Pula, buku ini bukan kajian akademik berdasarkan fieldwork (penelitian lapangan) mengenai tema tertentu dengan metode riset tertentu laiknya dilakukan para ilmuwan sosial. Sebagai sebuah “reportase perjalanan” pun, buku ini tidak bisa disejajarkan dengan karya-karya “roman ilmiah” spektakuler seperti Among the Believers (1982) atau Beyond Belief (1999), hasil sentuhan sastrawan kondang dan peraih nobel sastra kelahiran Trinidad, V.S. Naipaul, atau Guests of the Sheik (1965), karya Elizabeth Warnock Fernea, istri antropolog Robert Fernea, yang berisi dialog-dialog yang kuat, inspiratif, dan memukau plus data-data kuantitatif yang sangat kaya. Jika kedua buku Naipaul di atas memuat kisah petualangannya selama melakukan “lawatan spiritual-intelektual” di sejumlah negara berbasis Muslim di luar Arab (yakni Iran, Pakistan, Malaysia, dan Indonesia), buku Warnock merupakan “laporan antropologis” tentang kaum perempuan dan sebuah suku di Irak selatan.

Baik Naipaul maupun Warnock bukan seorang antropolog tetapi keduanya memiliki “instink antropologi” yang luar biasa. Jika Among the Believers: An Islamic Journey merupakan hasil lawatan Naipaul selama tujuh bulan, maka Beyond Belief yang judul lengkapnya: Beyond Belief: Islamic Excursions among the Converted Peoples merupakan buah dari perjalanan sang sastrawan di empat negara mayoritas Muslim di atas selama empat bulan saja. Meski hanya dalam hitungan bulan, Naipaul mampu mengemas cerita dan laporan yang menakjubkan tentang kaum Muslim beserta kekayaan tradisi dan kebudayaan mereka. Berbeda dengan buku mendiang antropolog Clifford Geertz, The Religion of Java (1960), yang—terlepas bahwa buku ini berisi laporan etnografi yang sangat kaya—bertaburan dengan prasangka buruk dan analisis negatif terhadap kelompok Muslim tertentu (misalnya “kaum abangan,” Muslim tradisionalis, atau sufi heterodoks) plus pujian terhadap kelompok Muslim lain (kaum “Islam modernis”), karya Naipaul di atas relatif netral dan imbang dalam mewartakan dan memotret kondisi umat Islam di negara-negara yang ia kunjungi.
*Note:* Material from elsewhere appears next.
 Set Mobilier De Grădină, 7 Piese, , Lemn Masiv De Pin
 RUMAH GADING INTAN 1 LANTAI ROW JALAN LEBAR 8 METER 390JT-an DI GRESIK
Guests of the Sheik-nya Warnock lain lagi. Selama kurang lebih dua tahun, Warnock mendampingi sang suami, Robert A. Fernea, yang waktu itu masih berstatus sebagai mahasiswa doktoral antropologi di Universitas Chicago yang sedang melakukan penelitian disertasi (ethnographic fieldwork) di Al-Nahra, sebuah perkampungan suku Muslim (tribal settlement) di Irak selatan yang mempraktekkan tradisi poligami. Dalam penelitian antropologi, seorang peneliti dituntut untuk tinggal membaur bersama komunitas yang ia teliti serta melakukan seoptimal mungkin semua aktivitas yang dilakukan oleh masyarakat yang ia teliti agar mendapatkan gambaran yang lebih komprehensif tentang kebudayaan masyarakat tersebut atau, meminjam istilah Cliff Geertz, “the native point of view.”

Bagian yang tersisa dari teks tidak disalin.